(Dataset section begins)

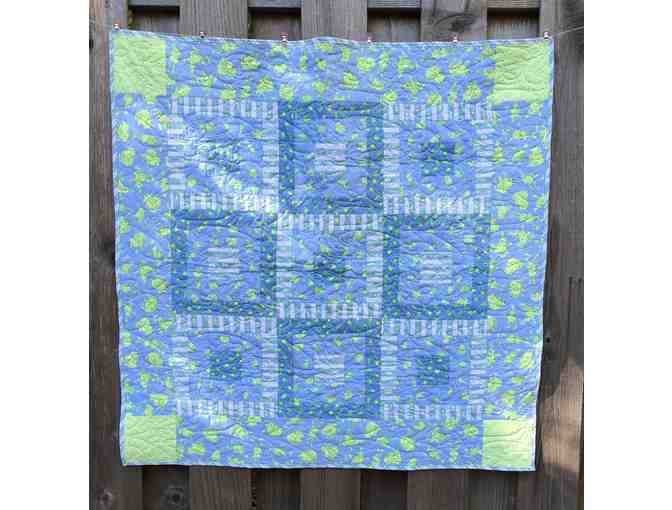 Handmade Baby Quilt - 'Frolicking Frogs' by Images of Life Quilts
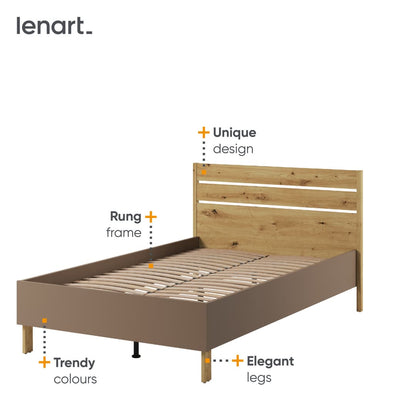 Lenny LY-08 Bed Frame [EU Small Double]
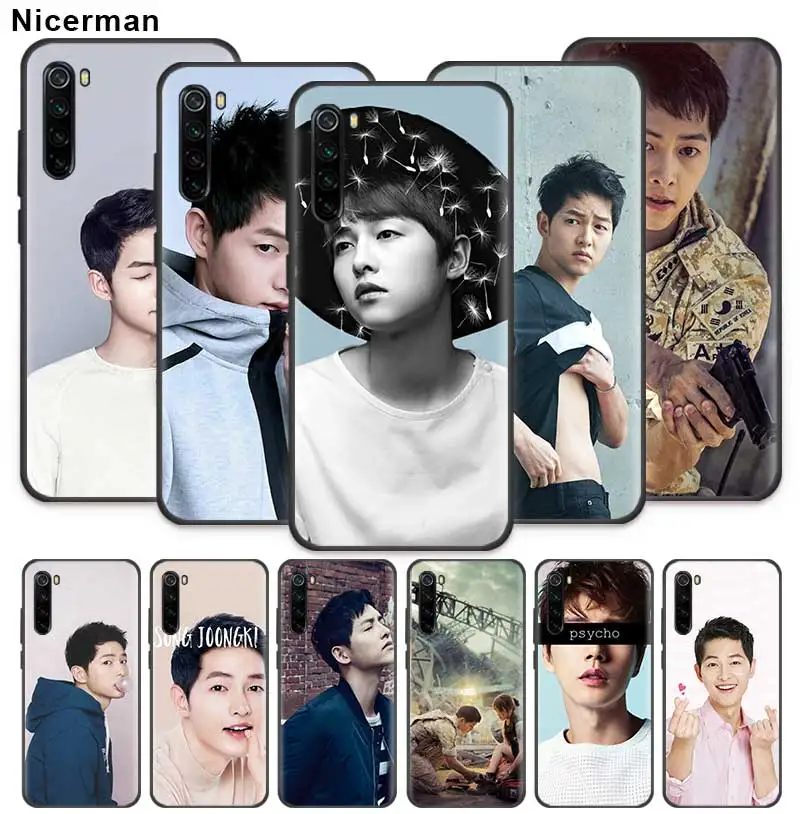 

Song Joong Ki Korean Star Case for Xiaomi Redmi K20 Note 7 8 Pro 7S 6A 7A 6 Y3 S2 5 Plus Black Silicone Phone Cover Coque Fundas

(Dataset section ends)

# Exercise aim:
Pictures are not part of the copy; retype all the other material exactly.

# Completed exercise:
 Handmade Baby Quilt - 'Frolicking Frogs' by Images of Life Quilts
 Lenny LY-08 Bed Frame [EU Small Double]

Song Joong Ki Korean Star Case for Xiaomi Redmi K20 Note 7 8 Pro 7S 6A 7A 6 Y3 S2 5 Plus Black Silicone Phone Cover Coque Fundas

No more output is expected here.